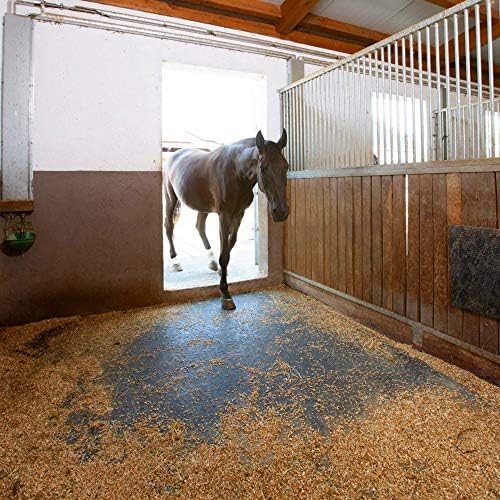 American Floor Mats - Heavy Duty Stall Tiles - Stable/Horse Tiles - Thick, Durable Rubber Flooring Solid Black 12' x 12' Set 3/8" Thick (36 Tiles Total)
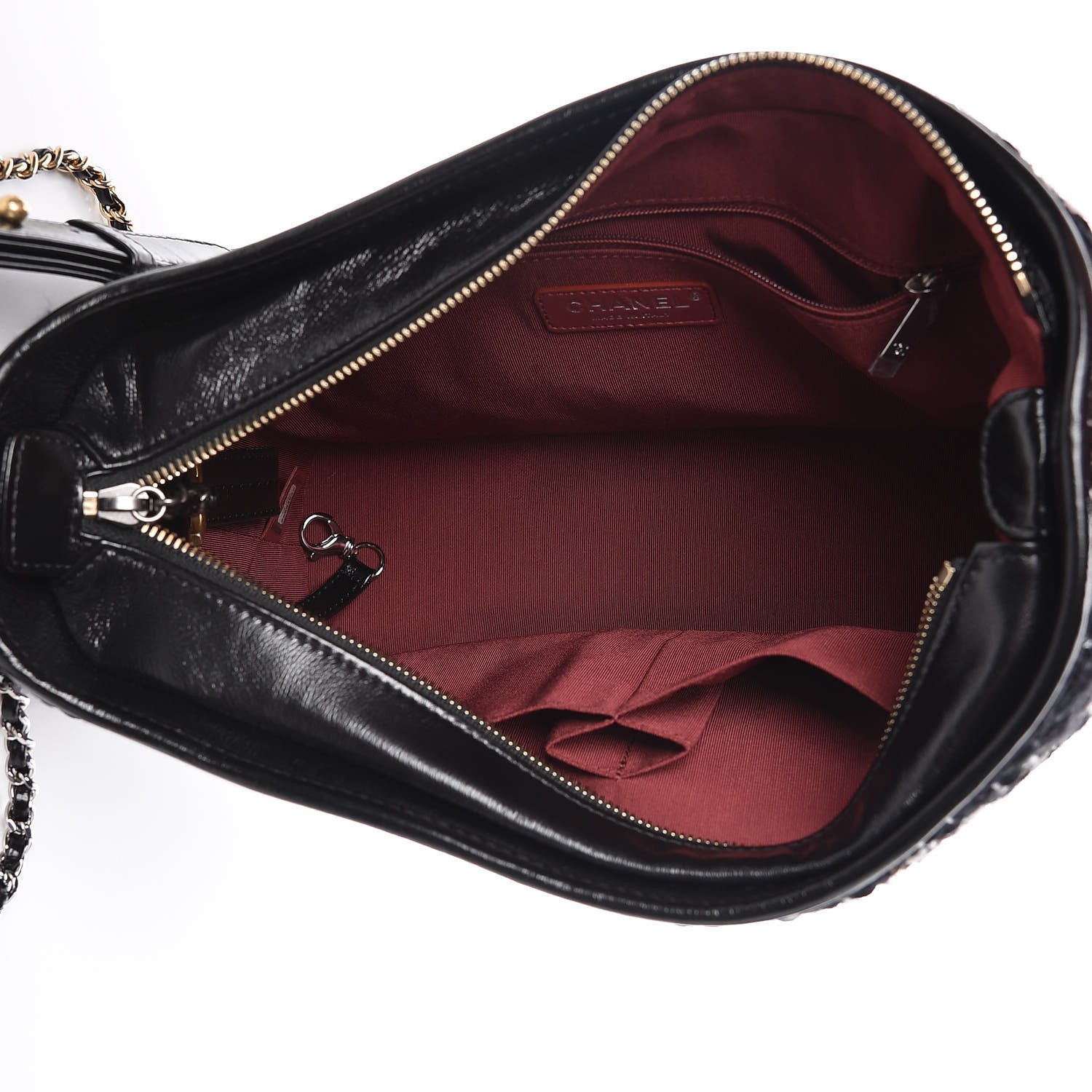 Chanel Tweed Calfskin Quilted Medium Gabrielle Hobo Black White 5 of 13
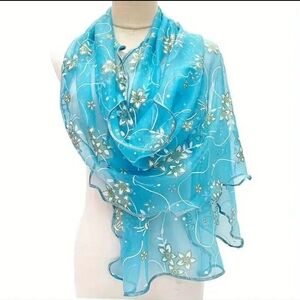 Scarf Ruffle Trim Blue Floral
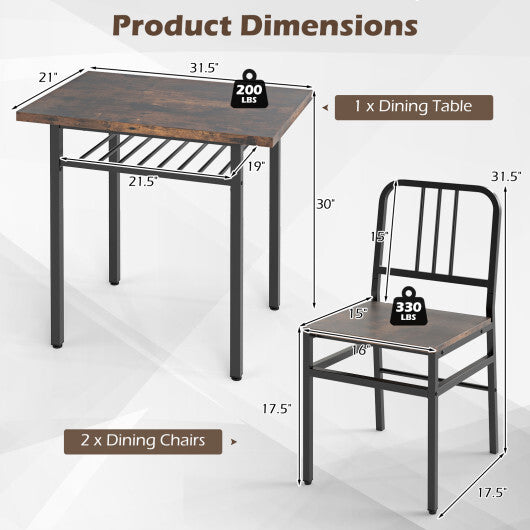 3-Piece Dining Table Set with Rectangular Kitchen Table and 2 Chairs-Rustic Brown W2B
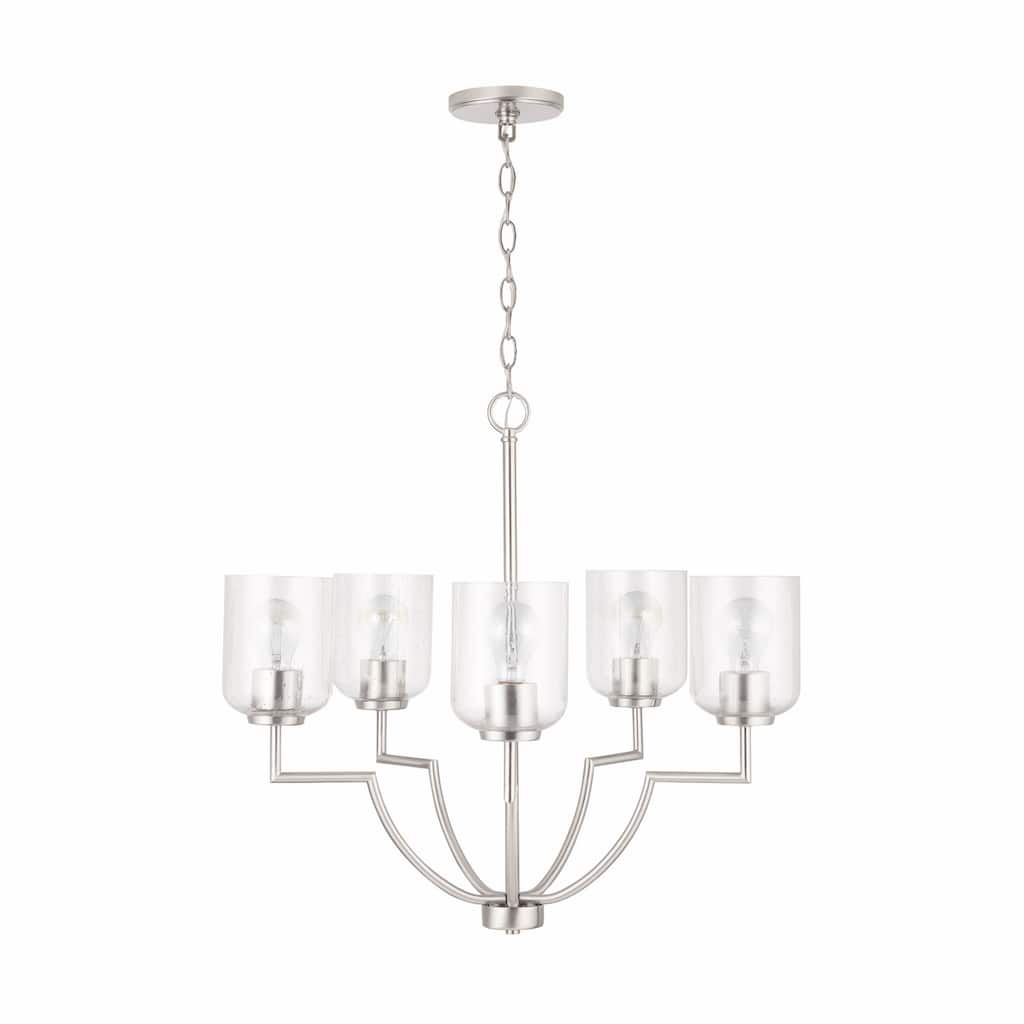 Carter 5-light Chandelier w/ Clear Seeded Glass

---

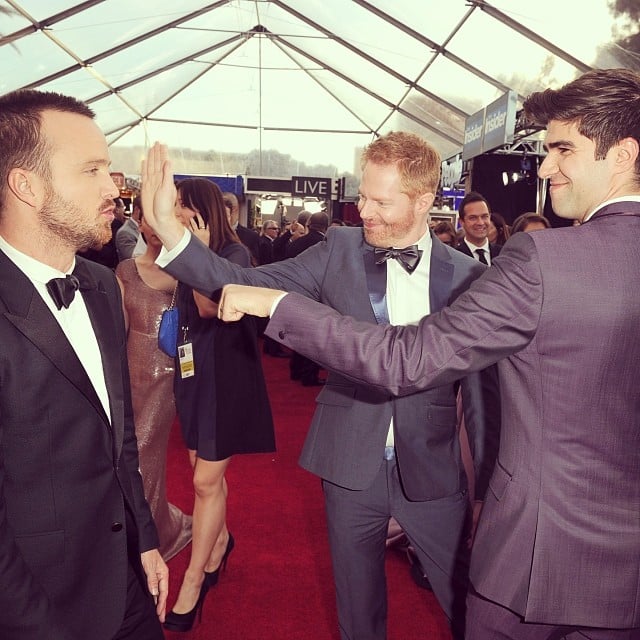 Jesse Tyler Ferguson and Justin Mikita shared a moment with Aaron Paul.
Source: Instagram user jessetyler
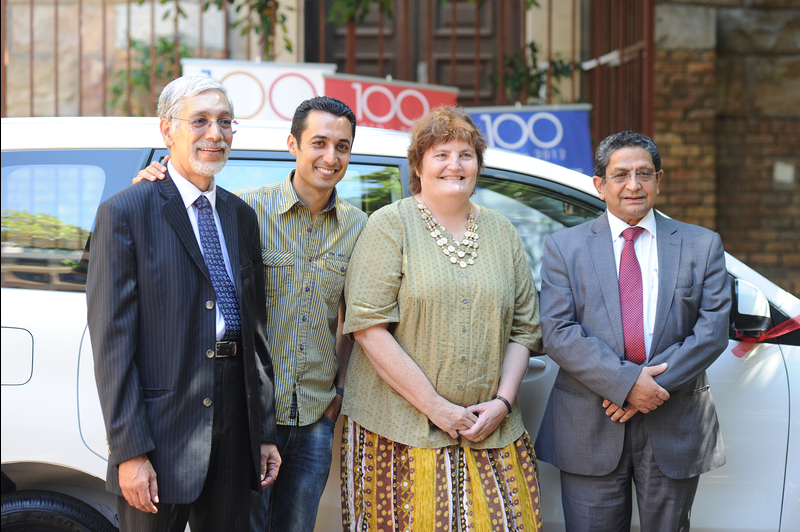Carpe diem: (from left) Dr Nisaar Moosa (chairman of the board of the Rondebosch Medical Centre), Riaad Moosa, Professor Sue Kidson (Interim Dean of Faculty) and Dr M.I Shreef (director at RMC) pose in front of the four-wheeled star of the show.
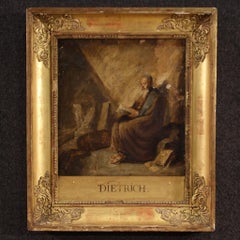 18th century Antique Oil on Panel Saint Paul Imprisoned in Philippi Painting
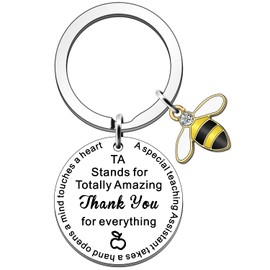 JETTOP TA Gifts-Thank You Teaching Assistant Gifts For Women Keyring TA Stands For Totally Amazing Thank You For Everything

* * *

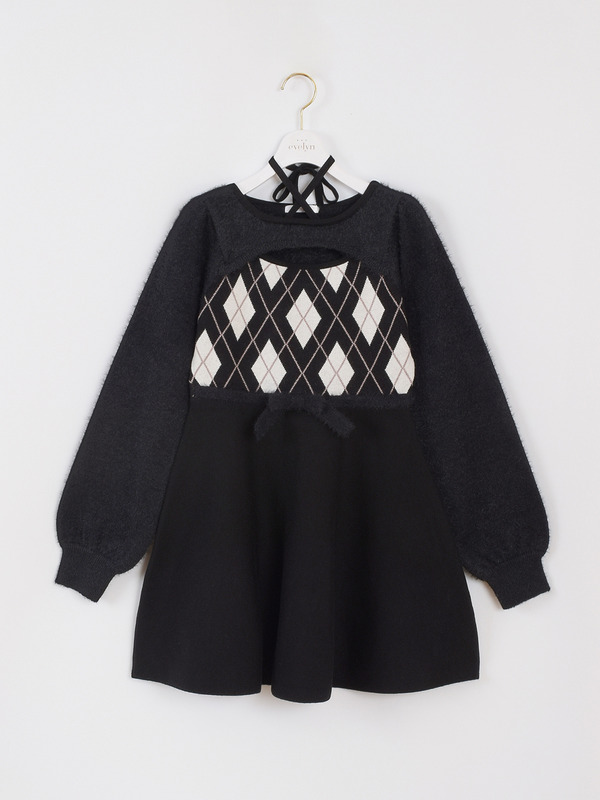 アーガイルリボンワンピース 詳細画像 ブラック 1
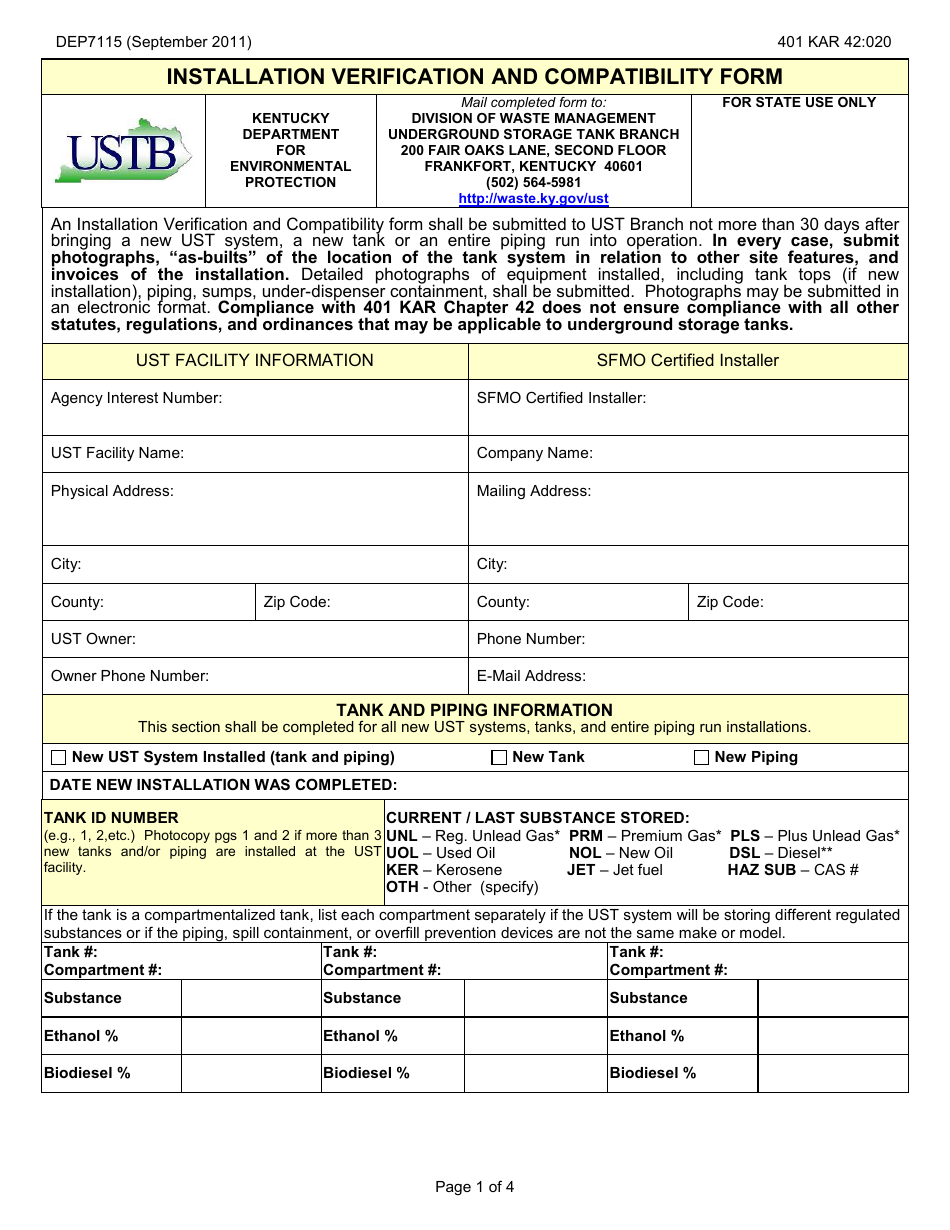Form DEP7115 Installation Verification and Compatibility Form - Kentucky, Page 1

**What to produce**
Among the records above, locate the line containing "18th century Antique" and the line containing "JETTOP TA Gifts-Thank", then transcribe exactly the lines starting at the first and ending at the second, with no pictures.

**Answer to the exercise**
 18th century Antique Oil on Panel Saint Paul Imprisoned in Philippi Painting
 JETTOP TA Gifts-Thank You Teaching Assistant Gifts For Women Keyring TA Stands For Totally Amazing Thank You For Everything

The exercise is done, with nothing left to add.